OpenMM Grid Trading
WarnAudited by ClawScan on May 10, 2026.
Overview
This skill can run a real-money automated crypto trading bot and asks for multiple exchange API keys, so it needs careful review before use.
Only install if you are comfortable with an automated bot placing real crypto trades. Verify the OpenMM package first, use a dedicated trade-only API key with withdrawals disabled, provide credentials only for the exchange you will use, run dry-run mode first, and set conservative order size and max-position limits.
Findings (4)
Artifact-based informational review of SKILL.md, metadata, install specs, static scan signals, and capability signals. ClawScan does not execute the skill or run runtime probes.
If run live, the agent/tool can place real exchange orders and potentially lose funds.
The non-dry-run command is the live path, and the documented default can allocate up to 80% of balance.
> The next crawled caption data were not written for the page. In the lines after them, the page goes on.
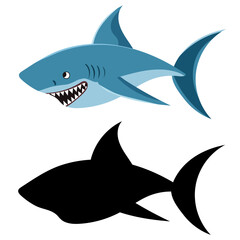 shark with silhouette on white background vector
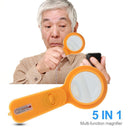 5"" 1 Thermometer with Portable Compass and LED Lamp Money Checking Magnifier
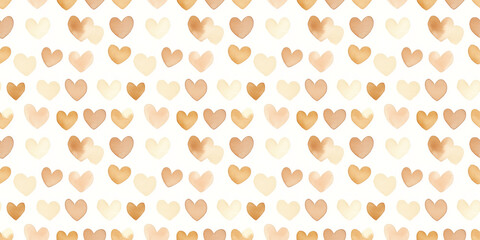 eggshell and beige color hearts seamless pattern, clean surface texture, white background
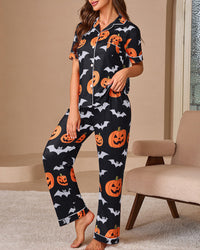Halloween Pumpkin & Bat Loungewear Set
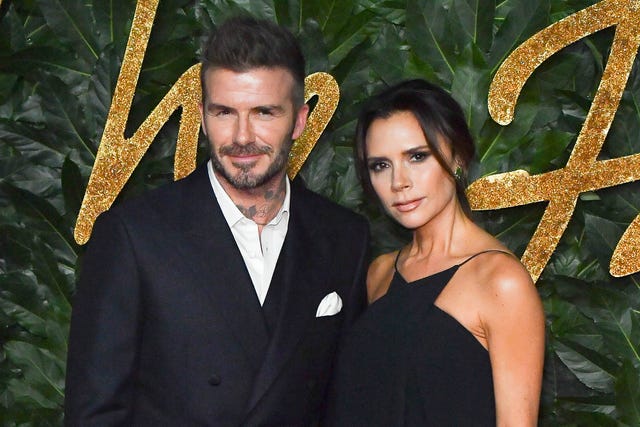 london, england december 10: david beckham and victoria beckham attend the fashion awards 2018 in partnership with swarovski at royal albert hall on december 10, 2018 in london, england. (photo by stephane cardinale corbis/corbis via getty images)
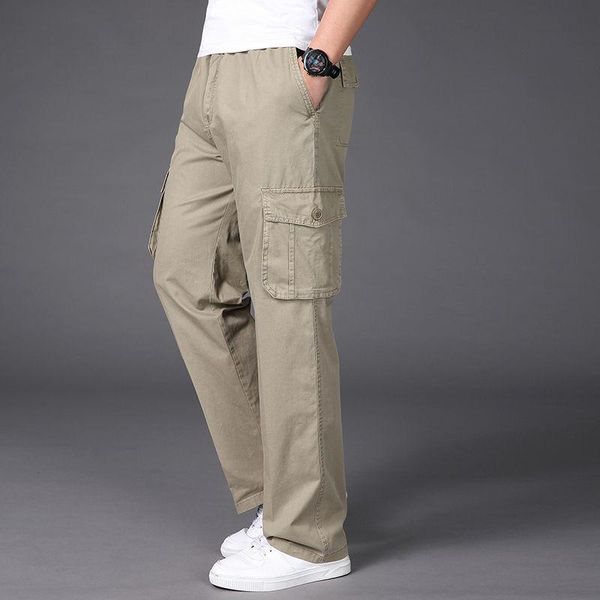 

men's pants summer cargo 2022 men's brand sweatpants military style mens fashion pure cotton, Black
That is high-impact financial mutation without a documented confirmation gate.
openmm trade --strategy grid --exchange mexc --symbol INDY/USDT ... `--max-position <decimal>` | Max position size as % of balance | 0.8 ... `--dry-run` | Simulate without placing real orders
Use dry-run first, require explicit user confirmation before any live order placement, start with very small size/max-position values, and monitor the bot while it runs.
Providing unnecessary exchange credentials increases the number of accounts and funds exposed to the tool or its dependency.
The skill declares all four exchange API keys as required, even though each command chooses one exchange. The artifacts do not bound key permissions, account scope, or explain why all exchange credentials are needed at once.
env: [MEXC_API_KEY, GATEIO_API_KEY, BITGET_API_KEY, KRAKEN_API_KEY]
Provide only the API key for the exchange you intend to use, use trade-only keys with withdrawals disabled, and prefer a skill version that declares exchange-specific optional credentials.
The safety of trading and credential handling depends on the external openmm package, not on code included in this skill artifact.
The main executable comes from an external npm package. This is expected for the skill, but the provided artifacts contain no reviewed code for that package.
node | package: @3rd-eye-labs/openmm | creates binaries: openmm
Verify the npm package publisher, version, source repository, and reputation before installing, especially because it will use exchange credentials.
Once started, the bot may continue placing and adjusting orders until stopped.
The skill is intentionally a long-running automated trading process. It is disclosed and user-stoppable, but it can keep acting while running.
Good for: ... 24/7 automated trading ... Press `Ctrl+C` to gracefully stop.
Run it only in a controlled terminal/session, monitor open orders and balances, and stop it promptly if market conditions or settings are wrong.